運転免許証を本人確認書類として維持するには、ICチップ読み取りの装置導入を義務化する、所持者に暗証番号を2つ覚えることを強制する、補助書類を使うなどしてICチップを使わない本人確認書類として認める、運転免許証のICチップを暗証番号なしで読み取れるようにする……のいずれかの手法が考えられます。

例えば携帯電話不正利用防止法施行規則では、本人確認の方法(対面)として、「本人確認書類の提示を受ける方法」が規定されています(第3条第1項第1号イ)。ここに「ICチップの読み取りに限る」という規定が入った場合、世論の望みどおり厳格にはなるかもしれませんが、利用できる本人確認書類が一気に減ります。

規定では、本人確認書類の提示を受けた後、その住所に宛てて書留郵便のような転送不要郵便物などを送付するという方法もあります(第3条第1項第1号ロ)。これはかなり手間とコストのかかる方法なので、上記イ方式においてICチップ読み取りだけでなく補助書類を併用する方法を認めるしかないのではないかとは思います。

  • 施行規則の見直し方針

    総務省は施行規則の見直し方針で検討を重ねています

7月26日には、デジタル庁が「犯罪収益移転防止法と携帯電話不正利用防止法における対面での本人確認に関しては、マイナンバーカード/運転免許証等のICチップ情報の読み取りを義務付ける」とコメント。「そのために必要なICチップ読み取りアプリ等の開発について、現在各省庁と連携し検討している」としています。

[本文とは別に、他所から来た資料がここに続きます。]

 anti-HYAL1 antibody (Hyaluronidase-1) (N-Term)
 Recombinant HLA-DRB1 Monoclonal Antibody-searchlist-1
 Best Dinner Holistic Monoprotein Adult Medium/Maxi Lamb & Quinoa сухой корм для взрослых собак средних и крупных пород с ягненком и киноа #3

とはいえ、運転免許証向けのICチップ読み取りアプリが新たに開発されても、暗証番号が必要なものであればすでに既存のアプリがありますし、あまり意味はありません。この点をどうするのかという検討も必要でしょう。

マイナンバーカードと在留カードはICチップ読み取りをした場合にのみ単独で本人確認書類として利用可能、それ以外は補助書類が必要……という形だと、なんとかバランスが取れそうな印象です。

ちなみに補助書類は、例えばドコモだと公共料金領収書や住民票が利用できます(ドコモの場合、逆に在留カードはパスポートの併用が必要です)。金融機関だと、三井住友銀行が指定の本人確認書類以外だと2つの本人確認書類の原本を提示することを求めています。

こうした補助書類は施行規則自体には定められておらず、安全性を高める各社の工夫なので、同様に「ICチップ読み取りは単独、それ以外は補助書類必須」ということを規則に定めないようにして、運用でカバーする形になるかもしれません。

まあ、国境を越えるにはパスポート、車の運転には運転免許証という「資格証明書」として考えれば、本人確認ができる資格証明書としてマイナンバーカード(のICチップ読み取り)に限定する、という考え方もできるかもしれません。

「厳格な本人確認を求める」というのはそういうことですが、やはりそこまで求めるのは難しいと思うので、このあたりのバランスをどのようにするか、今後の議論が注目されます。